By Lawrence D. Jones
8/19/10 Vietnam (ChristianPost) – U.S. religious freedom advocates voiced their collective concern on Wednesday over the human rights abuses and religious freedom violations that reportedly take place in Vietnam.
They also urged the Obama administration to take action by re-designating Vietnam a “Country of Particular Concern” – a label that the U.S. government gives to countries for ongoing, egregious violations of religious freedom.
“When used in the past, the CPC designation produced tangible improvements on the ground and did not hinder progress on other bilateral issues,” testified Ted Van Der Meid, commissioner at the U.S. Commission on International Religious Freedom, before the Tom Lantos Human Rights Commission.
“In fact, trade, investment, humanitarian programs, and military relations expanded during the period when Vietnam was a CPC,” he added. “The CPC designation can be used again to bring concrete change.”

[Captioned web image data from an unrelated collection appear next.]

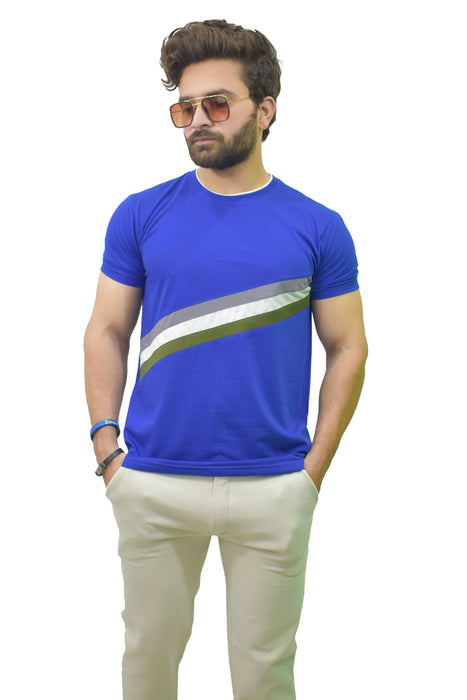 Interjacq Mens T-Shirt - Blue - Stripe - Slim Fit - IM52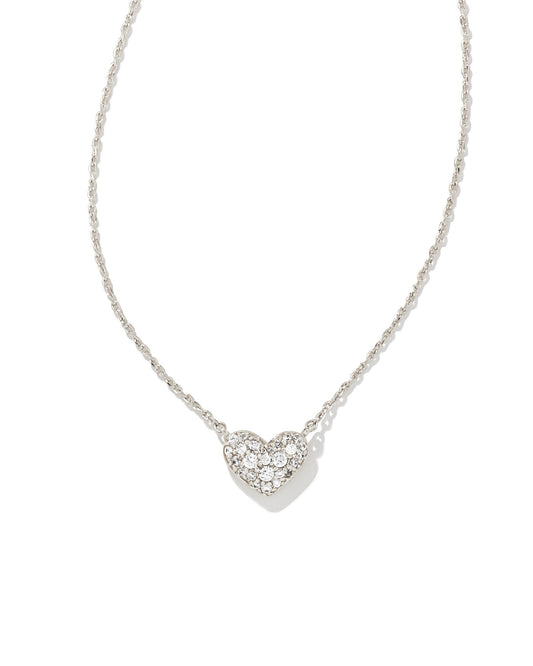 ARI PAVE CRYSTAL HEART NECKLACE SILVER WHITE CRYSTAL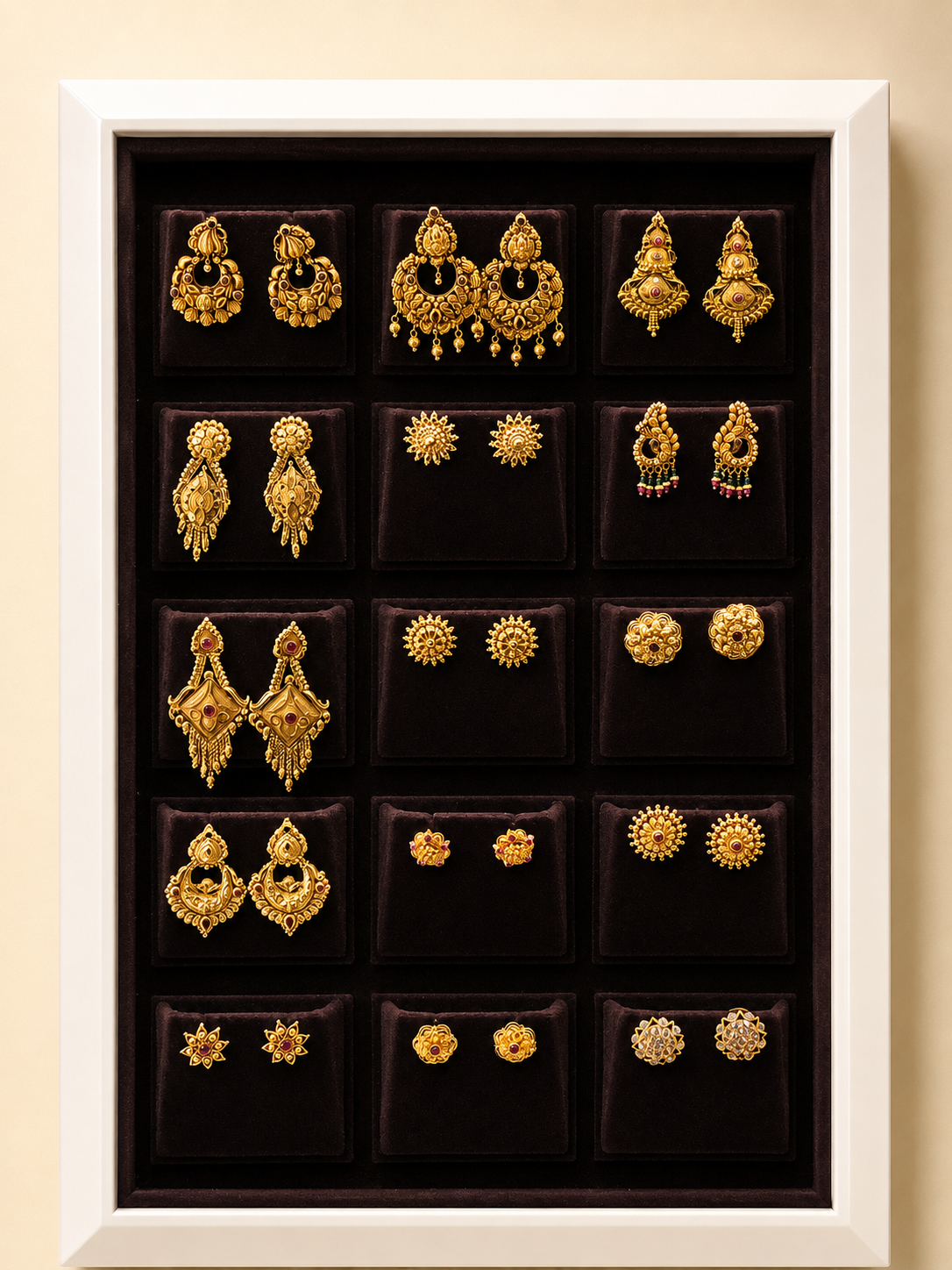 Framed display of gold earrings and studs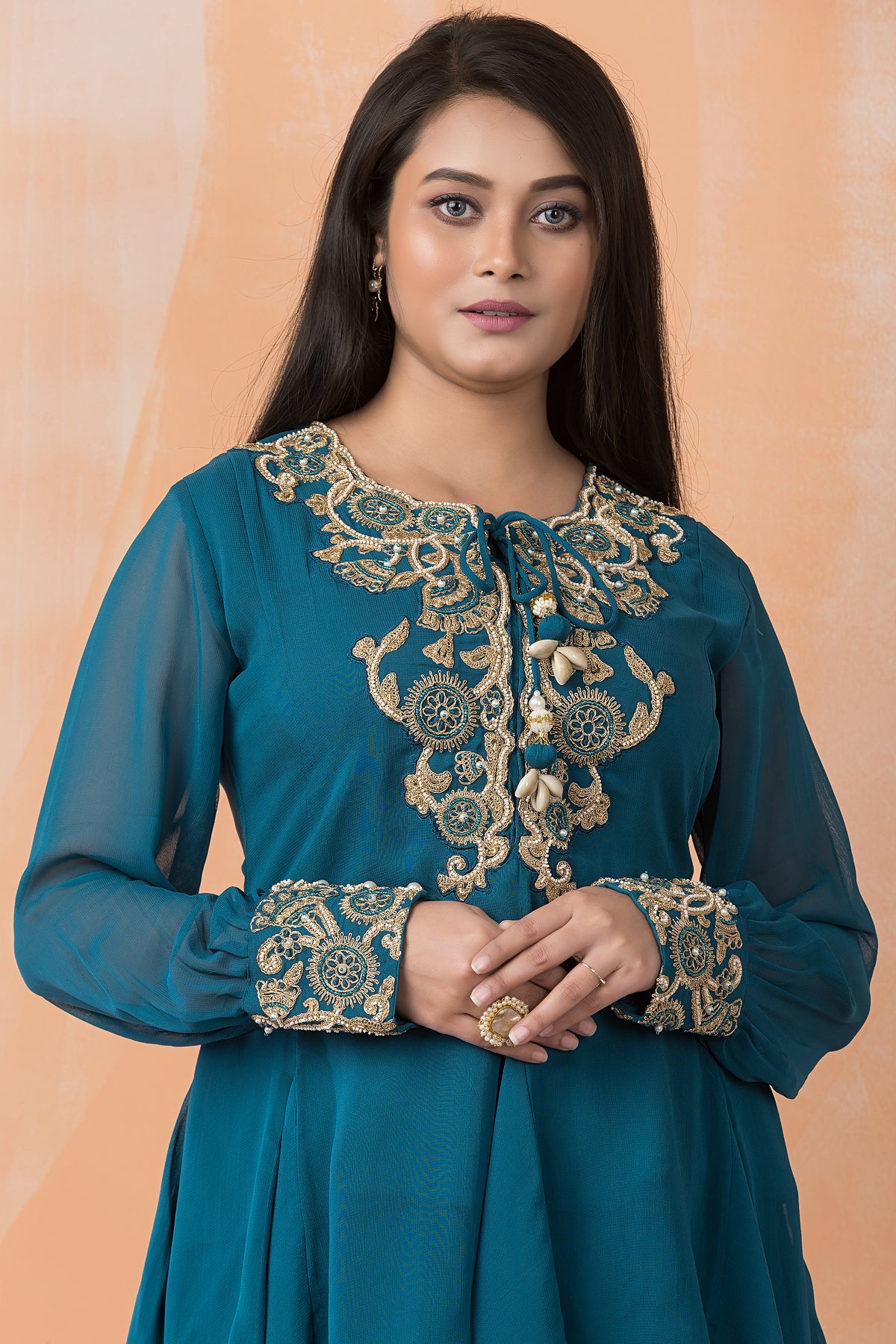 Stylish Georgette top and Dhoti Set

During Wednesday’s “emergency session,” the commission heard from Van Der Meid, Rep. Chris Smith (R-N.J.), as well as witnesses of what has been currently taking place in Con Dau, a Catholic village in the Diocese of Da Nang, Central Vietnam.
Smith – who last month introduced a House resolution to condemn and deplore the violence, threats, fines and harassment in Con Dau – recalled the attack on the village a few months ago during a religious funeral procession.
“Vietnamese authorities and riot police disrupted that sad and solemn occasion, shooting tear gas and rubber bullets into the crowd, beating mourners with batons and electric rods,” Smith reported. “More than 100 were injured, dozens were arrested, and several remain in custody and have reportedly been severely beaten and tortured. At least two innocent people have been murdered by the Vietnamese police.”
And, according to Smith, the Vietnamese government justifies the violence, torture and murder because the villagers of Con Dau had previously been ordered – some through coercion – to leave their village, property, church, century-old cemetery, their religious heritage, and to forgo equitable compensation in order to make way for a new “green? resort.
“Nothing, however, not even governmental orders, grant license for government sanctioned murder and other human rights abuses,” he insisted.
In Van Der Meid’s testimony, the USCIRF commissioner reported on how Vietnam continues to backslide on human rights and noted that there remain “too many religious freedom violations, too many individuals detained for independent religious activity or peaceful religious freedom advocacy, too many cases of discrimination and forced renunciations of faith targeting new converts to Protestantism, and too many stories of government approved violence targeting Buddhists and Catholics.”
“The U.S. should clearly articulate our interest in human rights improvements and use all available diplomatic tools to advance that interest,” he added, after noting how the U.S.-Vietnamese relationship has been rapidly growing in many different areas. “U.S. policy should clearly signal support for those in Vietnam peacefully seeking to advance both prosperity and universal rights.”